Nakacinda before the courts charged for speaking the truth
By Thandiwe Ketiš Ngoma
HONOURABLE Raphael Mangani Nakacinda was once again before the Lusaka Magistrates’ Court this week, answering to a charge rooted in a video he released at the height of Zambia’s aflatoxin scare in 2024.
Let me remind you how it all began. Back in the middle of 2024, the country woke up to a disturbing veterinary and public health crisis. Over 400 domestic dogs reportedly died in suspicious circumstances. The issue was first reported by Diamond TV, and panic began to ripple through the nation.
On 21 August 2024, Nakacinda stepped forward. In a widely circulated broadcast, he alleged that mealie-meal contaminated with aflatoxins was finding its way into circulation. He accused the government of negligence at best, and at worst, presiding over a system that was poisoning its own citizens.
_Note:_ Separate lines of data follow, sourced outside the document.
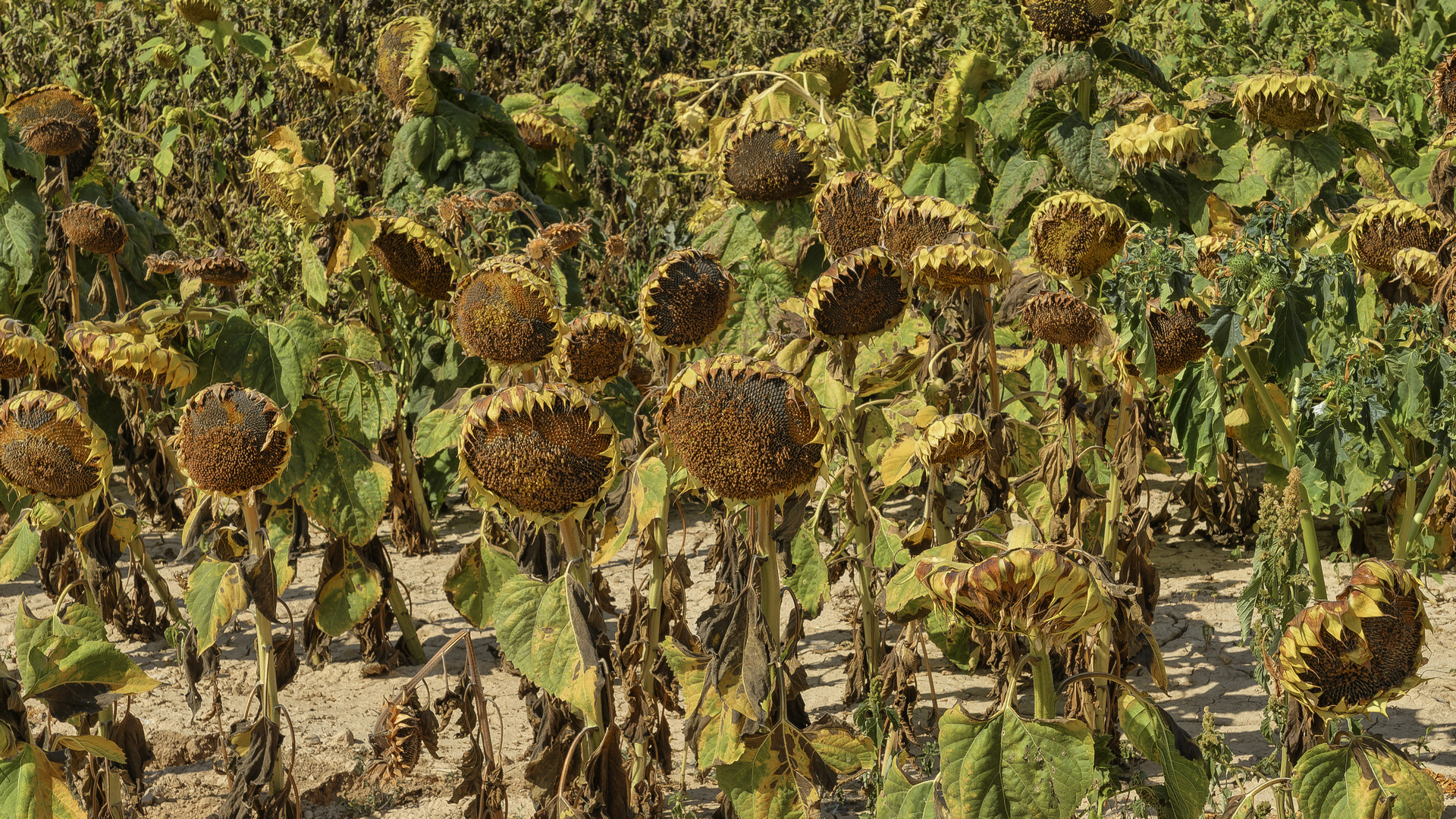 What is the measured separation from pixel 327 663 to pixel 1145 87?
3.57 m

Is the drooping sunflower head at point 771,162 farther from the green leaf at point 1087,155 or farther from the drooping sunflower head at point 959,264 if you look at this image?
the green leaf at point 1087,155

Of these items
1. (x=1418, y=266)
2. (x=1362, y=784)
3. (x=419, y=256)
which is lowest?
(x=1362, y=784)

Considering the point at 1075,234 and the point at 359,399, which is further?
the point at 359,399

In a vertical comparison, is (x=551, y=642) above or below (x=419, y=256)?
below

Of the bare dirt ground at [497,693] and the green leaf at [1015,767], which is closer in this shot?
the green leaf at [1015,767]

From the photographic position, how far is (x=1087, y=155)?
311cm

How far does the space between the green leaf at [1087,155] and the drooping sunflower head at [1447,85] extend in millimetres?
751

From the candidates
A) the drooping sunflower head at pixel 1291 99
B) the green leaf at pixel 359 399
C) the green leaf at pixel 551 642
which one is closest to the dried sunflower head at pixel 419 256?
the green leaf at pixel 359 399

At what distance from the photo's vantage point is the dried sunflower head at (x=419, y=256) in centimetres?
253

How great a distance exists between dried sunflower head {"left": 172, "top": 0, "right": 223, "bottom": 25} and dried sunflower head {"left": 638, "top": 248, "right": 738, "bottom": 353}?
419cm

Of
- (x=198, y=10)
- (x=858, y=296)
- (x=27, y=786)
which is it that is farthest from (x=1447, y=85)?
(x=198, y=10)

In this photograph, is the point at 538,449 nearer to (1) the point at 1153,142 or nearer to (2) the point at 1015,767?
(2) the point at 1015,767

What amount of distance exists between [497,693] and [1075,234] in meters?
1.69

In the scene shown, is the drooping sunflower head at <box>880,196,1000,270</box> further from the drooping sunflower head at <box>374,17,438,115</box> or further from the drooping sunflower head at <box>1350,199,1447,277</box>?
the drooping sunflower head at <box>374,17,438,115</box> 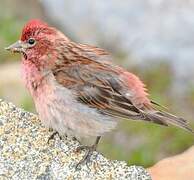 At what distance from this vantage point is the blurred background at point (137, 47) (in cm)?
1046

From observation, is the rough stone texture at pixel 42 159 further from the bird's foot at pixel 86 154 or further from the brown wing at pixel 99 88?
the brown wing at pixel 99 88

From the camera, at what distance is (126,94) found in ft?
23.7

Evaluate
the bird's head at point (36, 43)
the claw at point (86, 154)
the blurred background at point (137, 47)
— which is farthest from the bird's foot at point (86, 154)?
the blurred background at point (137, 47)

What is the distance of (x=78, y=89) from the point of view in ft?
23.4

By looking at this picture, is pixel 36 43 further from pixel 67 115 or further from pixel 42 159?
pixel 42 159

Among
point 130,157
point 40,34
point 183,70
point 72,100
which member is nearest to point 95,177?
point 72,100

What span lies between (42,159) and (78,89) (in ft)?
3.13

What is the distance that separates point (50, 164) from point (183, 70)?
539 centimetres

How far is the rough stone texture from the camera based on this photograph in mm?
6258

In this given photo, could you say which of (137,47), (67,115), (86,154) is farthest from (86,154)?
(137,47)

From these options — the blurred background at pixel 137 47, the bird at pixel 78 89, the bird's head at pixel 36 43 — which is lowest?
the blurred background at pixel 137 47

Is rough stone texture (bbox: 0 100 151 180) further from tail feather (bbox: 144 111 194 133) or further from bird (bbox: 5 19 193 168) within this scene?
tail feather (bbox: 144 111 194 133)

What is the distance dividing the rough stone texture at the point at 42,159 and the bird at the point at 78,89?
0.77 feet

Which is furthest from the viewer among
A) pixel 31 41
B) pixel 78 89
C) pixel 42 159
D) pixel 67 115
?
pixel 31 41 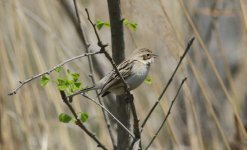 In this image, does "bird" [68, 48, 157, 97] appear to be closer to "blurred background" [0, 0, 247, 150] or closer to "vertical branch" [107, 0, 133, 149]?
"blurred background" [0, 0, 247, 150]

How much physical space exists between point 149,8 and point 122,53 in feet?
1.87

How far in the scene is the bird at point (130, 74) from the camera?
2002 mm

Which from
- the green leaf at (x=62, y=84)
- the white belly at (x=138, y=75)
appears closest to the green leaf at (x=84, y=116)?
the green leaf at (x=62, y=84)

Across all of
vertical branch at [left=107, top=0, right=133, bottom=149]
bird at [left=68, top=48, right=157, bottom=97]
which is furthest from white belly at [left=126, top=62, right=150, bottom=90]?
vertical branch at [left=107, top=0, right=133, bottom=149]

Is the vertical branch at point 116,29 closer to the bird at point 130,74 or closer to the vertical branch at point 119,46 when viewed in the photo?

Aflatoxins are toxic compounds produced by certain fungi that contaminate maize and other crops. They are linked to liver failure, immune suppression, and long-term cancer risks in both animals and human beings. This was a real health catastrophe on the hands of the State.
And shortly after Honourable Nakacinda’s public alarm, senior government officials, including Ministry of Information Permanent Secretary Thabo Kawana, as well as Minister of Health Elijah Muchima, confirmed elevated levels of aflatoxins in certain batches of mealie-meal and stock feed. Public recalls were announced. Thousands of contaminated bags were destroyed, and the Zambia National Broadcasting Corporation (ZNBC) ran the news item at prime time.
In other words, the danger was real. But instead of this becoming a moment of national accountability and reform in food safety oversight, the focus shifted to the man who raised the alarm. Nakacinda was arrested and charged under Section 60 of the Penal Code for Seditious Practices, a relic from 1931. The argument from the prosecution is that by publicly accusing the government during a period of drought and food insecurity, he sought to bring the government into hatred or contempt and to raise disaffection.
During the court session this week, the court heard from the Digital forensics officers who extracted and preserved the video in which Nakachinda spoke as evidence of sedition. Observers across the legal and civic space insist that this is a mere abuse of the courts. The justice system should be left to dispense justice instead of being used to settle political scores.
Pause and reflect. When a citizen warns that contaminated food is circulating and laboratory results later confirm contamination, and government officials also confirm this on national television, what exactly is the crime? Is it the contamination, or the warning?
Observers see this not as an isolated prosecution but as part of a pattern. Nakacinda is currently serving an 18-month jail sentence for defamation of the President, under a provision that has since been repealed. He has faced multiple arrests in relation to political speech. Others in the opposition have faced similar brushes with sedition related charges.
The deeper constitutional question lingers in the background. In 2014, the High Court struck down the offence of publication of false news as unconstitutional because it offended freedom of expression. Legal scholars now quietly debate whether the continued reliance on a colonial-era sedition provision serves as a workaround to that earlier constitutional protection.
We must be careful here. Governments have a duty to maintain order. False alarms can cause panic. Reckless speech can inflame tensions. That is true.
But accountability cuts both ways. If there was contamination, if recalls were made, if products were destroyed, then the matter cannot be reduced to mere political agitation. It becomes a question of oversight, of regulation, of competence, of transparency.
A democracy matures when it can withstand scrutiny without resorting to handcuffs. What is before the court now is not merely a video clip. It is the tension between state authority and civic warning. Between power and speech. Between a government that insists on looking good even when things are bad, and an opposition that insists on treating the political, health, and economic sickness in the nation.
History has a long memory. As far as this matter is concerned, we know that Nakacinda was speaking for all the people who eat nshima in Zambia — including the judges, the prosecutor, the police officers, the citizens of this country, and even their dogs. Yet the system is using this opportunity to silence a voice that speaks for them.